En su nerviosismo, le parecía tener los dedos agarrotados y que unas manos invisibles sujetaban sus brazos.

Héctor, en tanto, se orientaba en busca de Raúl. Había visto a un par de nativos salir corriendo hacia el lugar donde la ardilla se ocupaba de armar estrépito y pronto divisó dos sombras guardando a otra que permanecía tumbada.

A partir de entonces tuvo que avanzar tan despacio, con tanto tiempo, que tuvo la impresión de que no iba a llegar nunca. Dando un rodeo, fue a situarse a espaldas de los indígenas y Raúl. Repentinamente se lanzó sobre uno de ellos y lo arrojó lejos.

El otro quiso saltar sobre él y entonces Raúl, que estaba atado, levantó los pies y le hizo probar el suelo con fuerza. Antes de que se levantara, Héctor le inmovilizó con uno de sus golpes de genial karateka.

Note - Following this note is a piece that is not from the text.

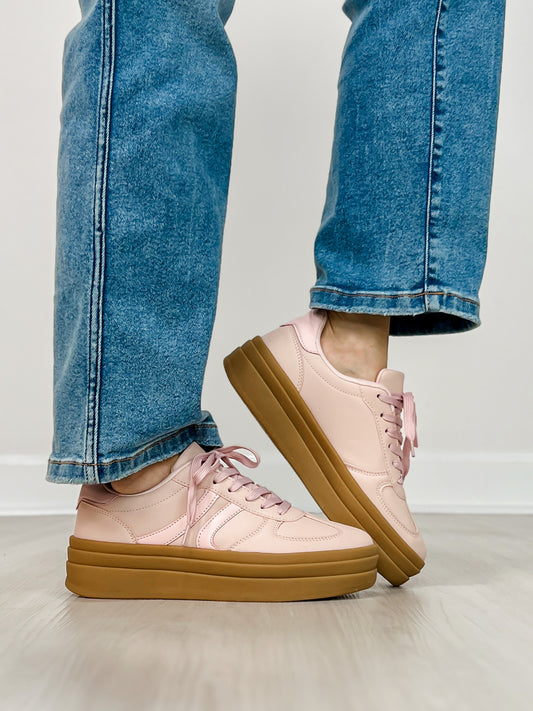 Semi Platform Double Stripe Low Sneakers in Pink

El que había salido lanzado volvía hacia él, lanza en ristre, pero pudo eludirlo con una hábil finta. El salvaje gritaba, sin duda para llamar la atención de sus compañeros. De pronto, Héctor le mostró el arma y el pobre nativo, aterrado, ya no pensó en replicar.

Rápidamente, de un tajo, Héctor cortó con su cuchillo las cuerdas que aprisionaban a Raúl. Y éste, sin preguntar nada, corrió hacia la laguna, justo a tiempo de cargarse a la espalda, al pie del pilote, a Suances. Los otros tres, Oscar y las chicas, se habían acomodado en el bote neumático y remaban con toda su potencia hacia la orilla.

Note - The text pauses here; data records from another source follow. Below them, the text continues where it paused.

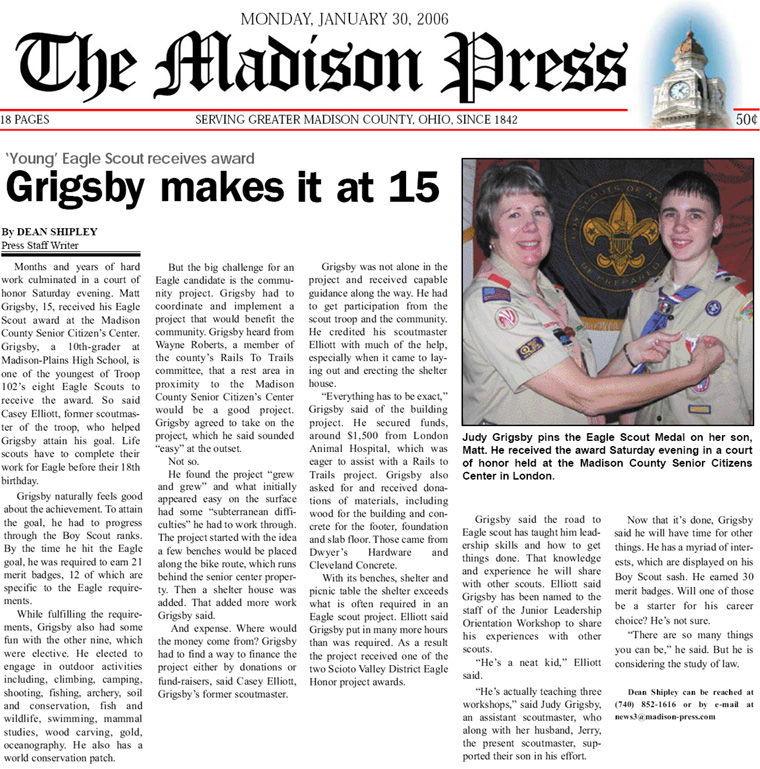 01-30-06 - Madison Press article: Grigsby makes it at 15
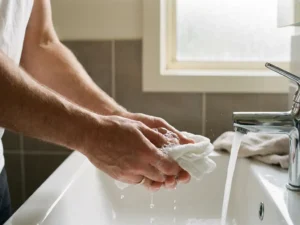 Mannenhanden houden een zachte witte washand vast boven een badkamerwasktafel, met zichtbaar zeepschuim en warme waterdruppels.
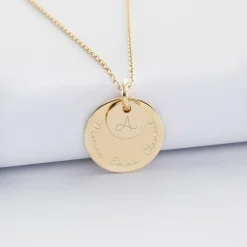 Pendentif réversible personnalisé double médailles gravées plaqué or 10 mm et 19 mm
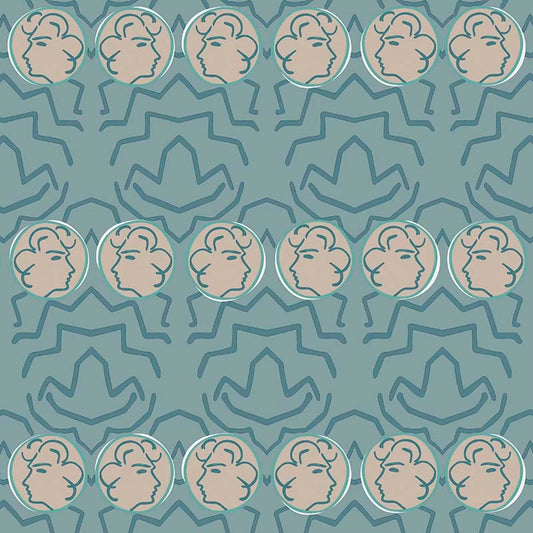 Having a Chat Wallpaper - Light Blue - Ottoline - W/HAC/101/1 - Premier Wallcovering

Raúl, sin detenerse, corrió con su carga hacia el helicóptero. Héctor protegía el avance de los suyos, atento a lo que pudiera suceder.

Amanecía rápidamente, tanto que podían divisarse perfectamente unos a otros y ver a León salir disparado hacia el espeso bosquecillo por donde andaba la ardilla.

Si su acción hubiera podido tener espectadores, ¡cuánta admiración no hubiese despertado! Porque había corrido hacia el lugar donde Petra trataba de zafarse de los palos que llevaba atados a su cuerpo y le ayudaba en la medida de sus pobres fuerzas.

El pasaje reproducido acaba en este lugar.